What to produce: The lines to return run from the start of the material below through the line holding "Man drinking protein", both included; please give them back exactly, minus the pictures.

#### Records for this exercise ####

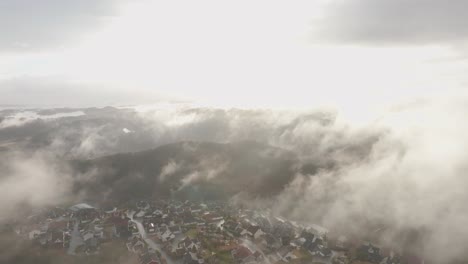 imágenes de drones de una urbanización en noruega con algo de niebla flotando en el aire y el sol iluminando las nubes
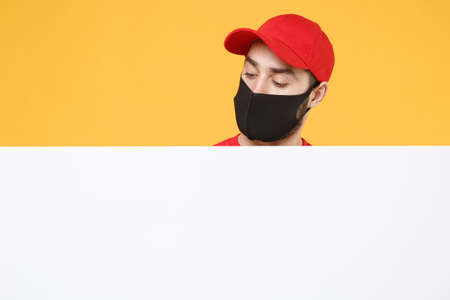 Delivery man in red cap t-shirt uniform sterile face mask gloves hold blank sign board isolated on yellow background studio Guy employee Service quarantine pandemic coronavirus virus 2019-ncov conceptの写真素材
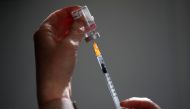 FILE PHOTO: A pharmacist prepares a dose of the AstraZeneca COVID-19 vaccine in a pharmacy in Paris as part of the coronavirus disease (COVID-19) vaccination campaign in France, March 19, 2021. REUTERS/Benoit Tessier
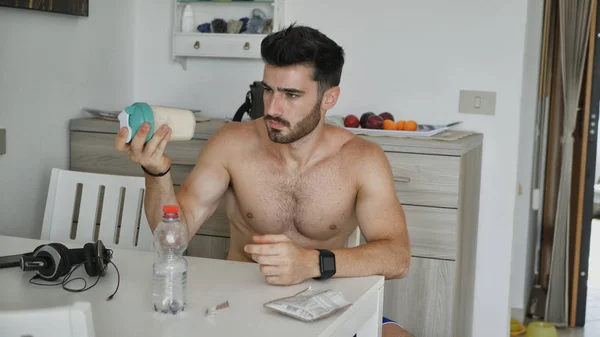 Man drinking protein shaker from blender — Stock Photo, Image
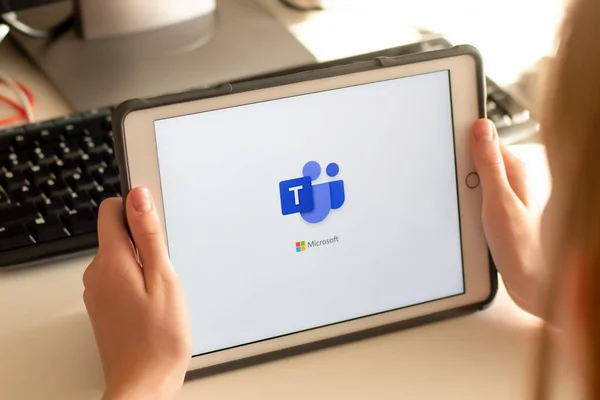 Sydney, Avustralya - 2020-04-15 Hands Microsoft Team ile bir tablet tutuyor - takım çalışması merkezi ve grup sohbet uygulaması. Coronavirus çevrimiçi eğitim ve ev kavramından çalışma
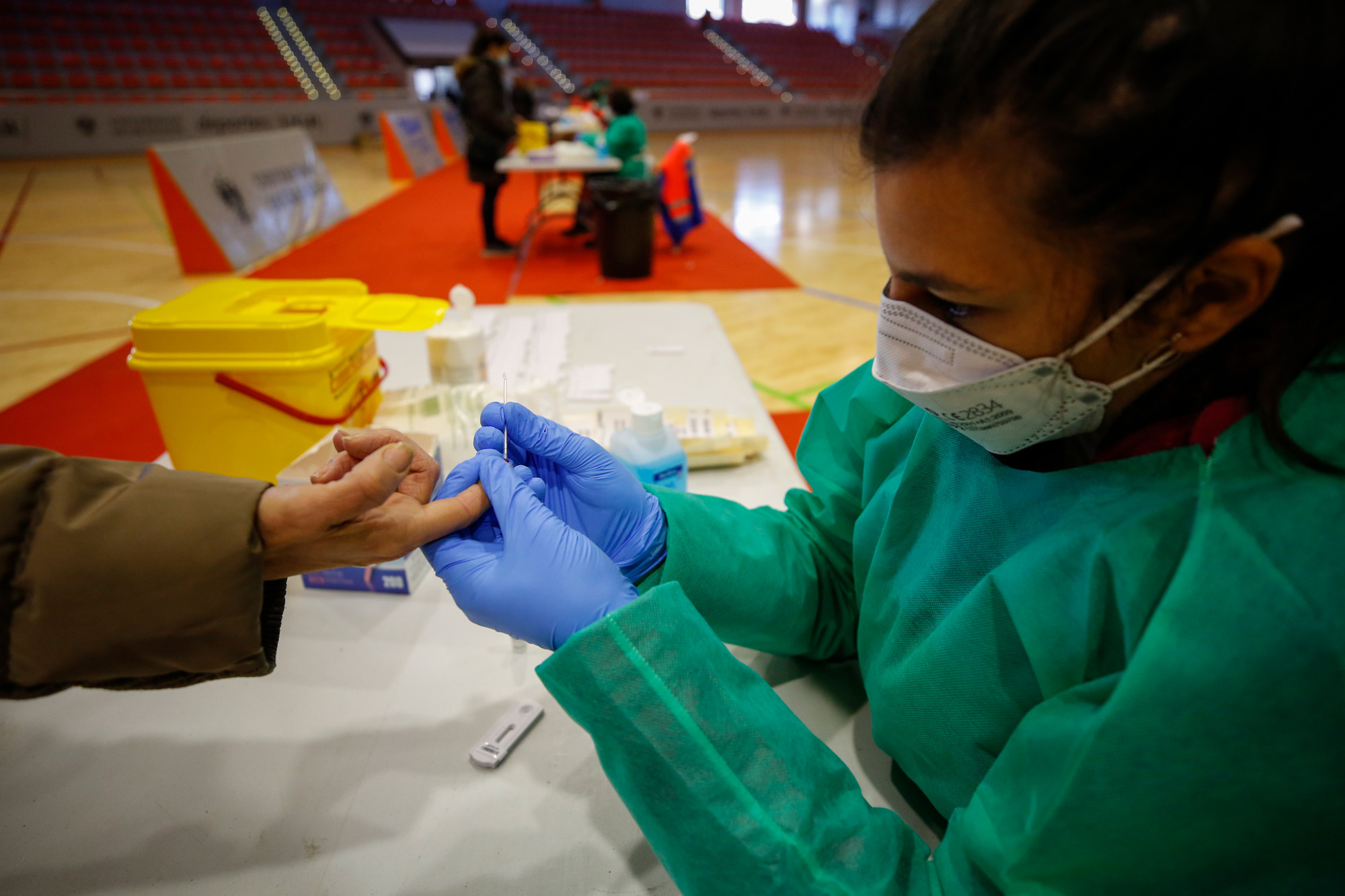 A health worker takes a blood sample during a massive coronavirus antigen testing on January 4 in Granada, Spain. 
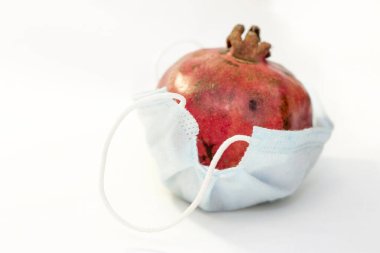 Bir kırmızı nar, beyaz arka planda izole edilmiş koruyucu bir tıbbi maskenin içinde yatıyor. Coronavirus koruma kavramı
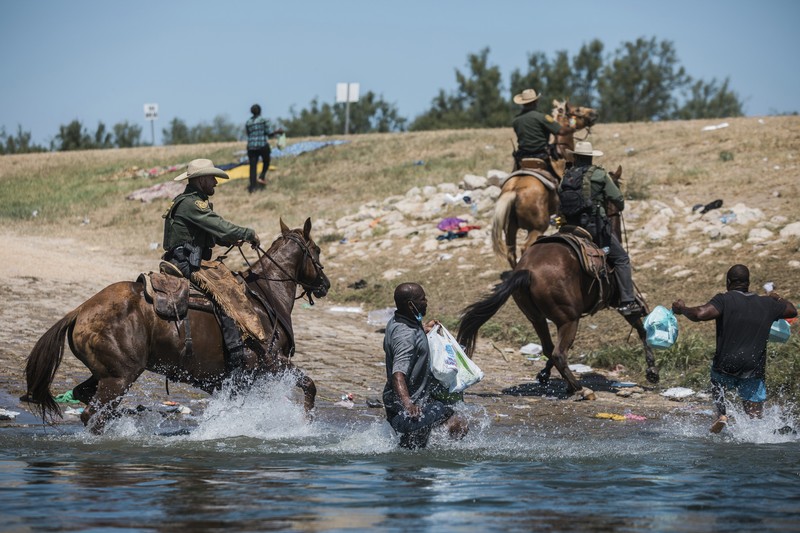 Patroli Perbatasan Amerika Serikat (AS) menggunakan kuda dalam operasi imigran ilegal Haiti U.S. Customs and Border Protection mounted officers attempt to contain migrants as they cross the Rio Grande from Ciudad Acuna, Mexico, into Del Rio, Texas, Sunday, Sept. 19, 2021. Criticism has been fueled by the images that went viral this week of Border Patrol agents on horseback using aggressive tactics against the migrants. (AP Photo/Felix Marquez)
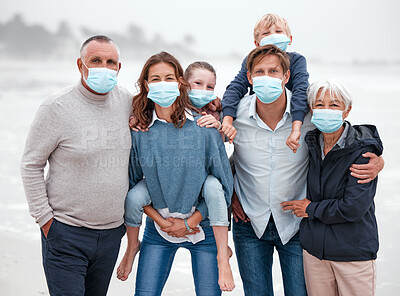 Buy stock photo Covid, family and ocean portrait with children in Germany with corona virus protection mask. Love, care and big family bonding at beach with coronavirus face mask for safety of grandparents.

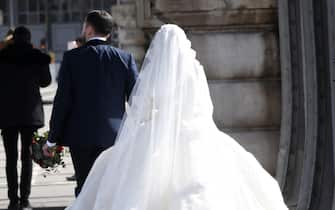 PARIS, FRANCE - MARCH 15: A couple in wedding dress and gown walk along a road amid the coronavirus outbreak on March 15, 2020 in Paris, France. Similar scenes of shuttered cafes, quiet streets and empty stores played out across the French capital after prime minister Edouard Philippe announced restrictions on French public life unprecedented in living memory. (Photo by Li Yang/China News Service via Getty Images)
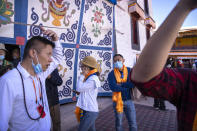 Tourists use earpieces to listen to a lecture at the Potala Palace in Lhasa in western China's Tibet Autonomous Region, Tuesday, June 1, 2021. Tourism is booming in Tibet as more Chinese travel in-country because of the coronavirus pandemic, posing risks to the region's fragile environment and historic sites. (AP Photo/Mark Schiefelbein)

####

Response area:
 imágenes de drones de una urbanización en noruega con algo de niebla flotando en el aire y el sol iluminando las nubes
 Delivery man in red cap t-shirt uniform sterile face mask gloves hold blank sign board isolated on yellow background studio Guy employee Service quarantine pandemic coronavirus virus 2019-ncov conceptの写真素材
 FILE PHOTO: A pharmacist prepares a dose of the AstraZeneca COVID-19 vaccine in a pharmacy in Paris as part of the coronavirus disease (COVID-19) vaccination campaign in France, March 19, 2021. REUTERS/Benoit Tessier
 Man drinking protein shaker from blender — Stock Photo, Image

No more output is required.